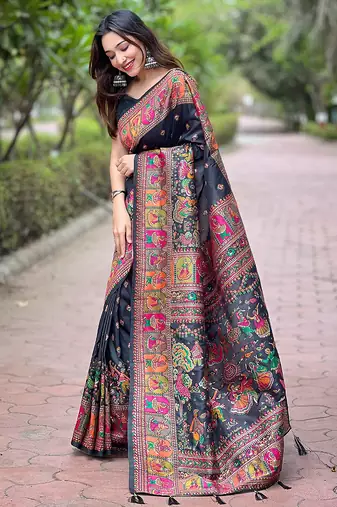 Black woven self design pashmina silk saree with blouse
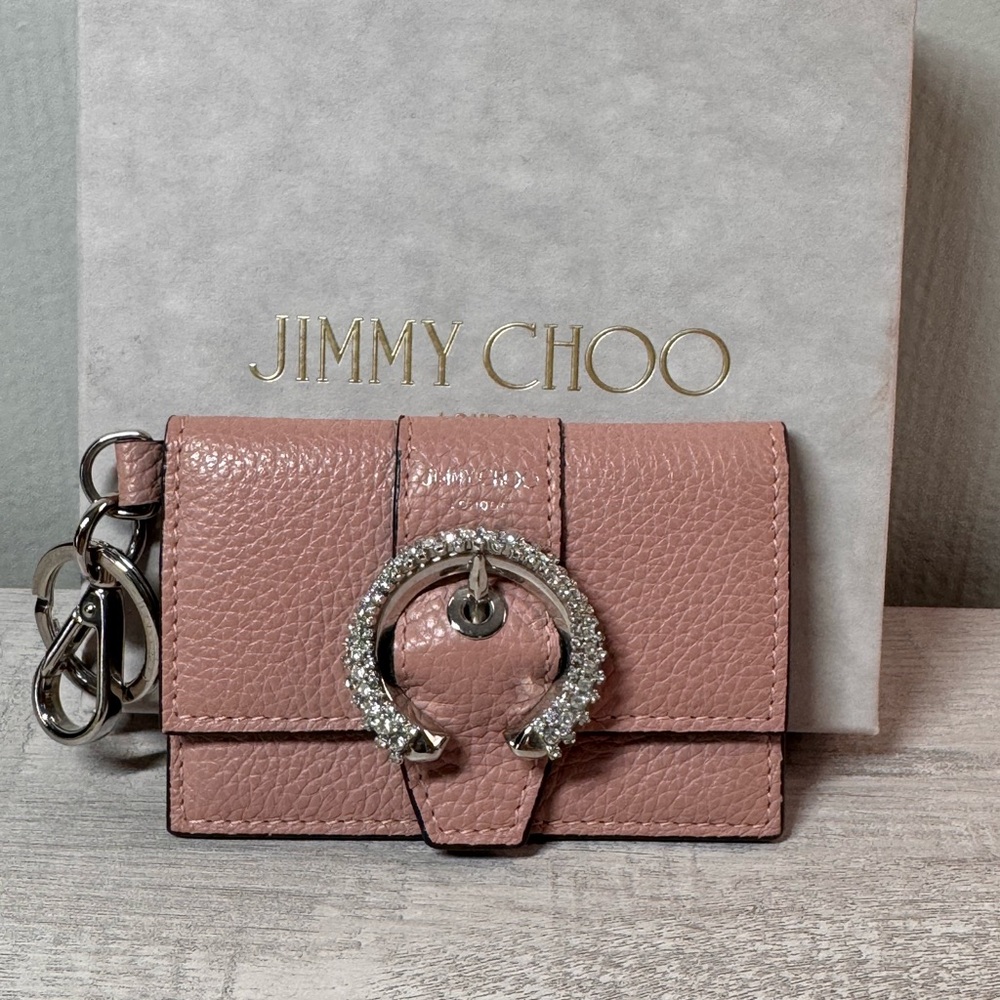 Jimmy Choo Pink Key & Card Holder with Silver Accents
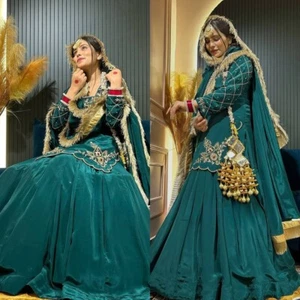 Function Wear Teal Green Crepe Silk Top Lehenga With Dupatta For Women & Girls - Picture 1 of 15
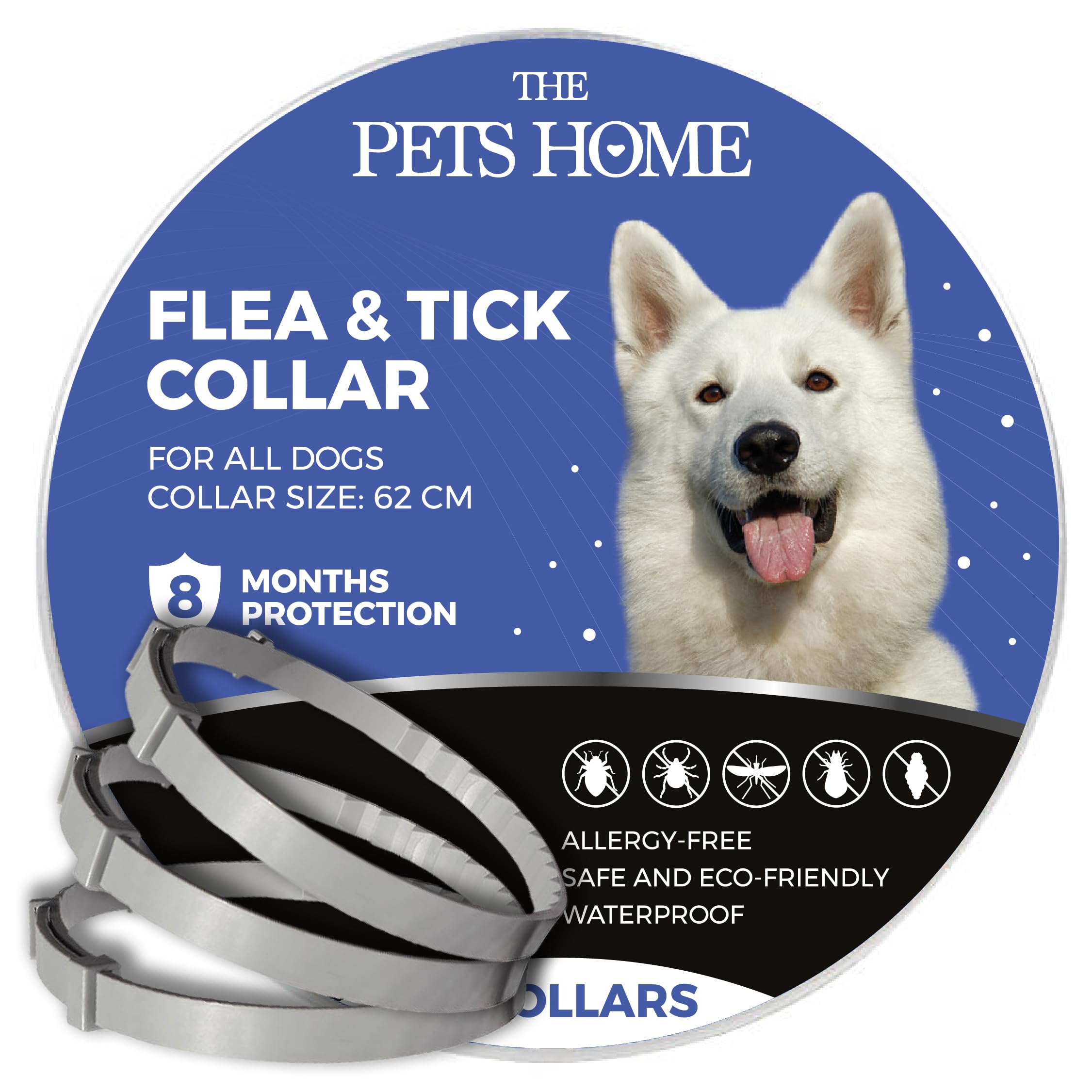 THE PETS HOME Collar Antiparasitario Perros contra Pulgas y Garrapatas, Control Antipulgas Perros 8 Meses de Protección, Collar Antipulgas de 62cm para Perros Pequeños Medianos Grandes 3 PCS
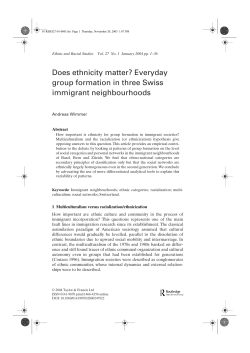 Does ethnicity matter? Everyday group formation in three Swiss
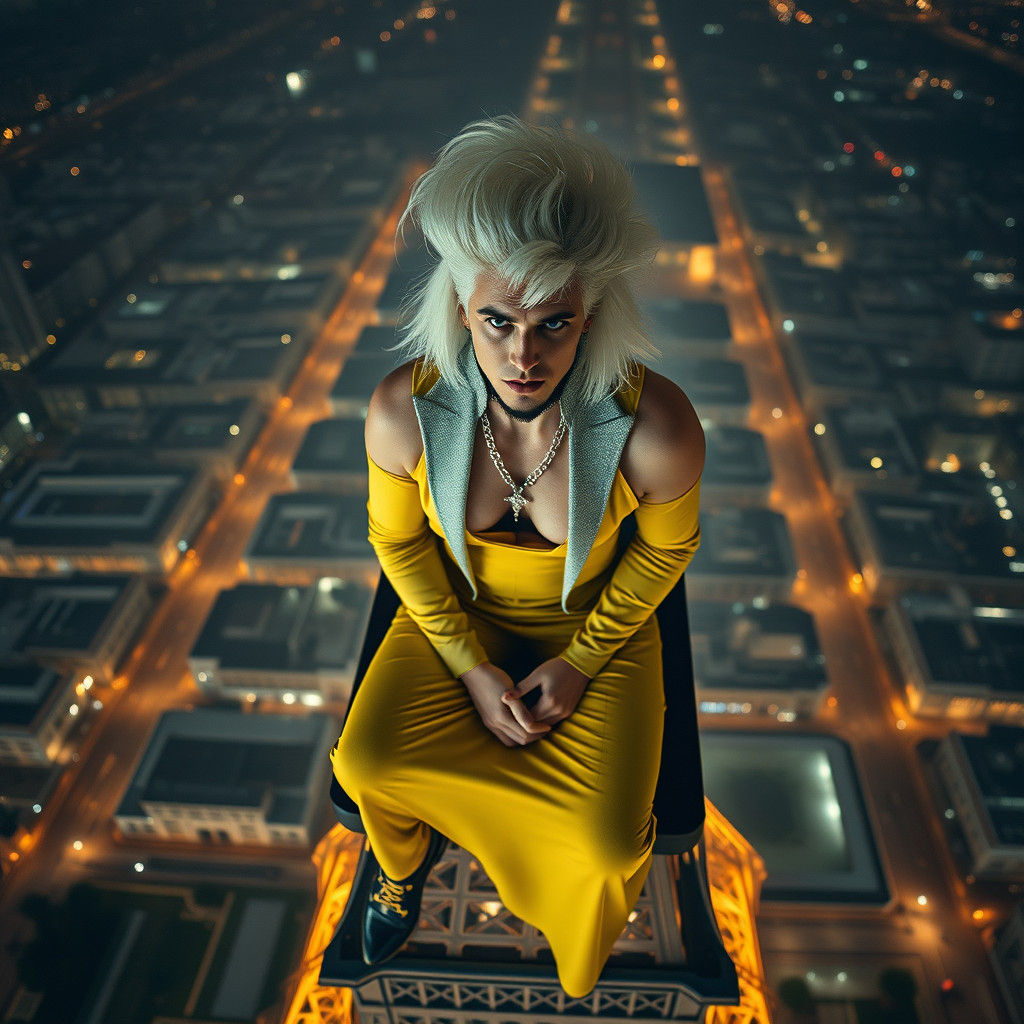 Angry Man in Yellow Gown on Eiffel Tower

→ **TASK DESCRIPTION**
With the pictures left out, copy exactly the lines from the one containing "Does ethnicity matter?" through the last line of the data.

→ **SOLUTION TO THE EXERCISE**
 Does ethnicity matter? Everyday group formation in three Swiss
 Angry Man in Yellow Gown on Eiffel Tower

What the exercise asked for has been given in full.